== Given data

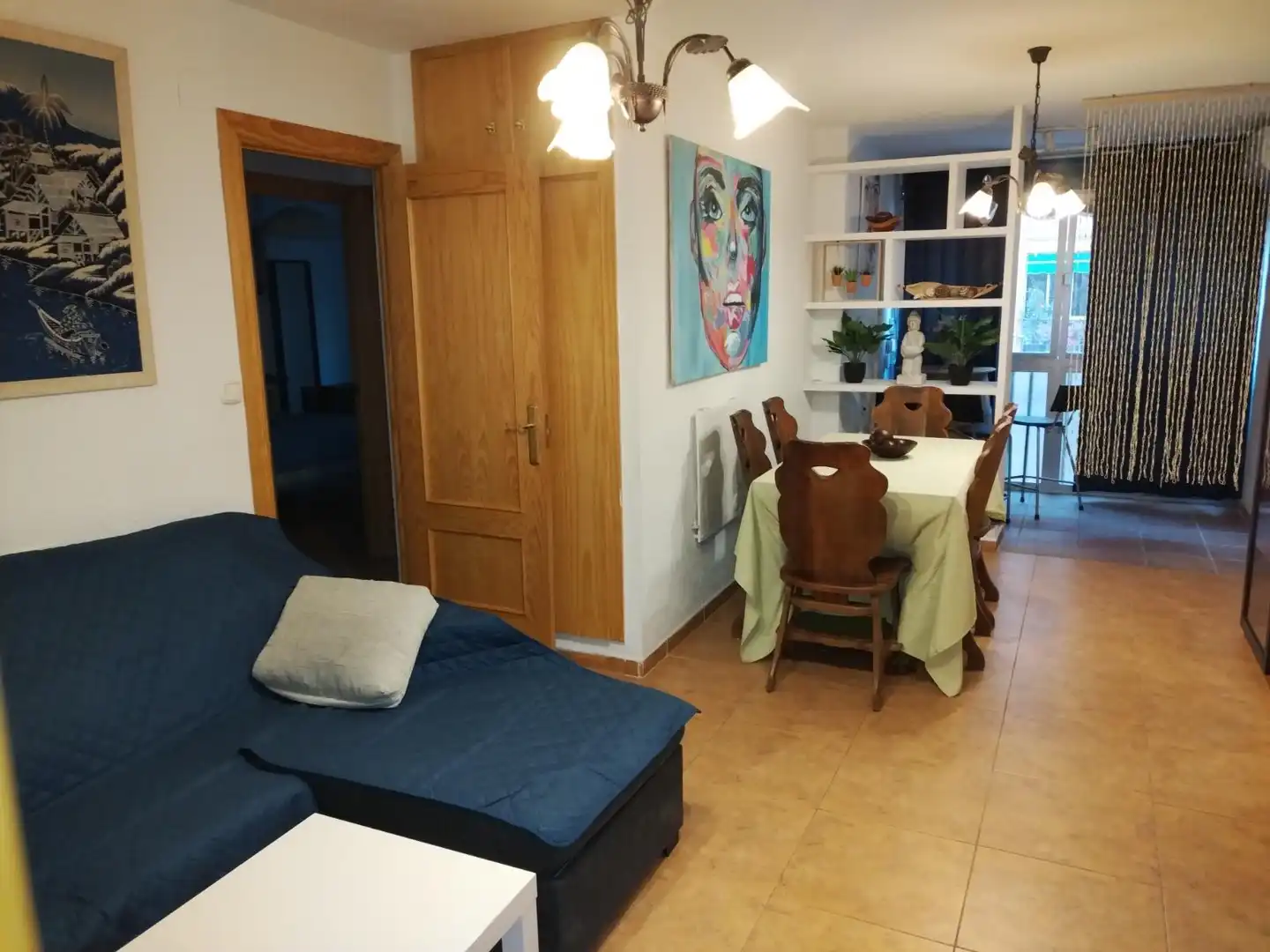 Sala de estar de Piso de alquiler en Granada con Aire acondicionado y Amueblado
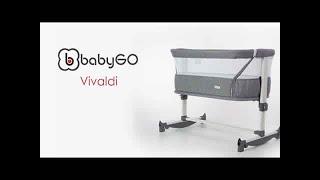 BabyGo Beistellbett Babybett Reisebett Vivaldi by Knirpsenland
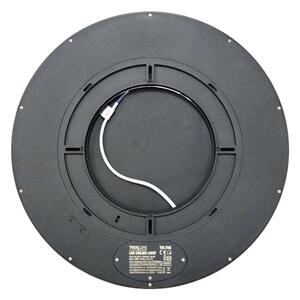 LED stropné svietidlo LED/32W/230V 3000/4000/6500K pr. 40 cm čierna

====

Transcribe word for word only the lines from the one with "BabyGo Beistellbett Babybett" through the end of the listing; every picture is to be omitted.

 BabyGo Beistellbett Babybett Reisebett Vivaldi by Knirpsenland
 LED stropné svietidlo LED/32W/230V 3000/4000/6500K pr. 40 cm čierna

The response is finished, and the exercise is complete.